Member of the Michigan House of Representatives from the 18th district
- Incumbent
- Assumed office January 1, 2023

Southfield, Michigan city council
- In office November 2019 – December 2022
- Preceded by: Sarah Roberts
- Succeeded by: Jason Hoskins

Personal details
- Born: Michigan
- Party: Democratic
- Alma mater: Eastern Michigan University (BA, MPA) University of Detroit Mercy (JD)

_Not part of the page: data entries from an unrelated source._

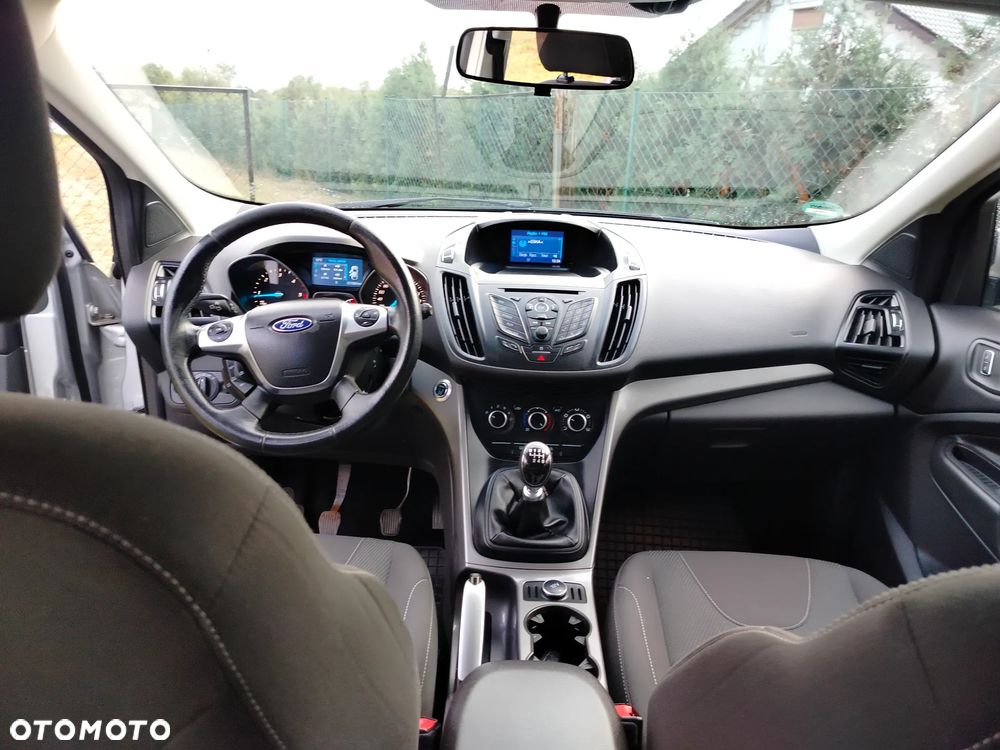 Ford Kuga 2.0 TDCi 4x4 Trend - 16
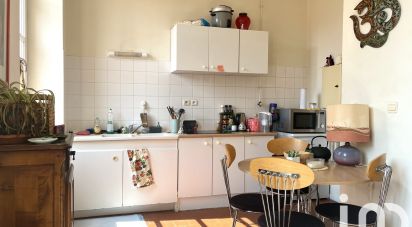 Appartement 3 pièces de 48 m² à Aix-en-Provence (13100)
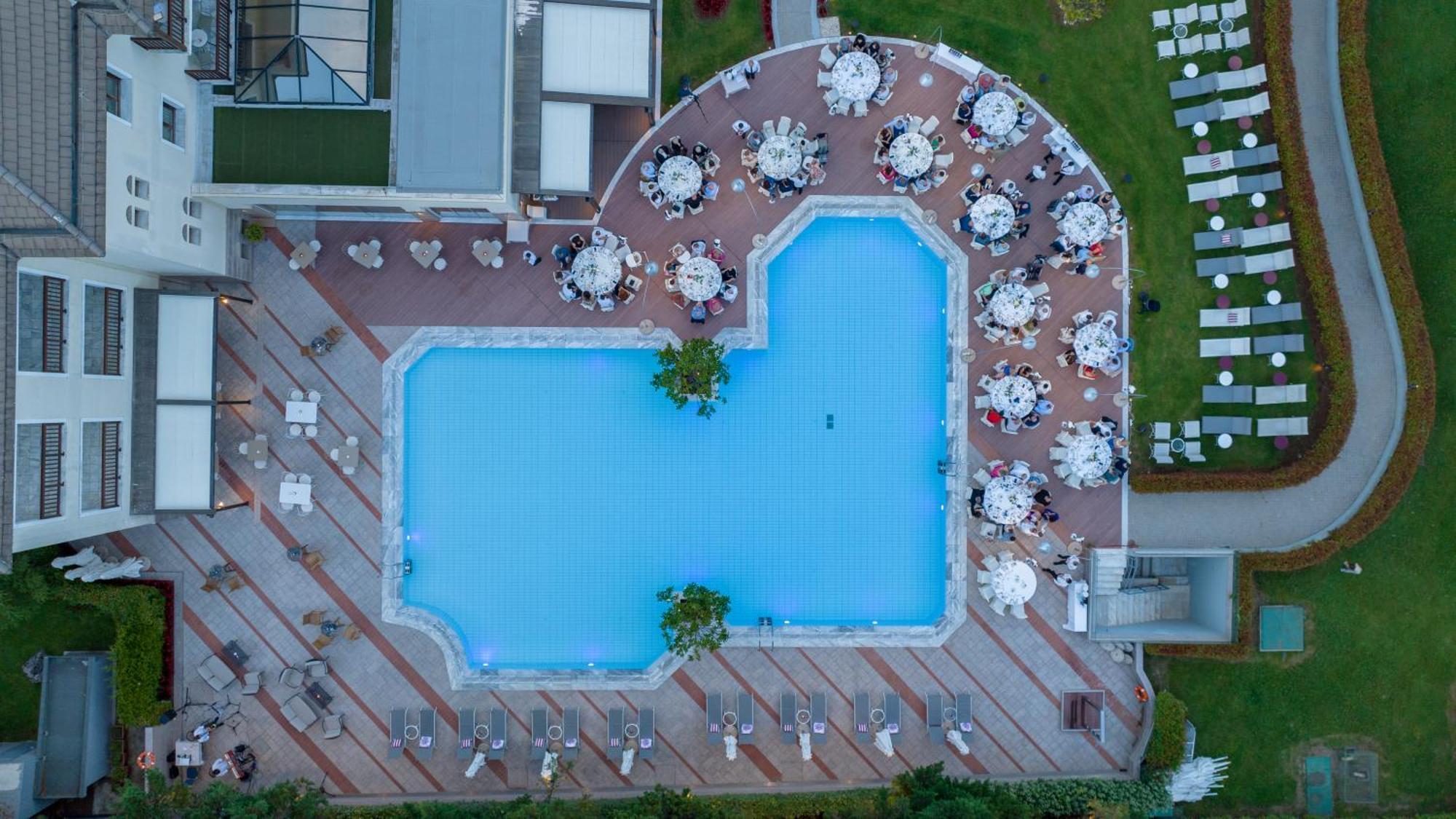 Hotel Du Lac Congress Center & Spa อิโออันนินา ภายนอก รูปภาพ Aerial view of the pool
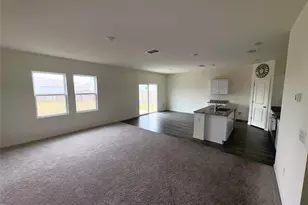 410 Magnum Force Dr, Jarrell, TX 76537 - Photo 5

= Jason Hoskins (politician) =

American politician

Jason Hoskins is an American politician serving as a member of the Michigan House of Representatives since 2023, representing the 18th district. He is a member of the Democratic Party.

==Career==
Hoskins worked as a policy intern for Governor Jennifer Granholm and an intern for both Washtenaw County and the Third Judicial Circuit of Michigan while in college for his MBA from Eastern Michigan University and his JD from University of Detroit Mercy. During his time at University of Detroit Mercy he founded and later served as the president of the University of Detroit Mercy chapter of the American Civil Liberties Union because of this he would become a board member and vice president of the Metro Detroit branch of the American Civil Liberties Union.

After graduating from college he would become a part of Jeremy Moss's 2014 House campaign and Mark Totten's 2014 Michigan Attorney General campaign, after which he would become a professor at Lawrence Technological University from August 2016 to January 2017 from 2015 to when he was sworn into the state house in 2023 he worked as a member of Jeremy Moss's staff. In 2019 he would be elected to the Southfield City council serving in the role until 2023. In 2022 he ran for the 18th district winning the Democratic Primary by 55% to 44% then proceeding to easily win the general election by 79% to 20% becoming the first LGBTQ Person of color to be elected to the Michigan House of Representatives.

Hoskins was reelected in 2024.

Hopkins ran for the Democratic nomination in the Michigan Senate District 7. He won the nomination with 57% of the vote.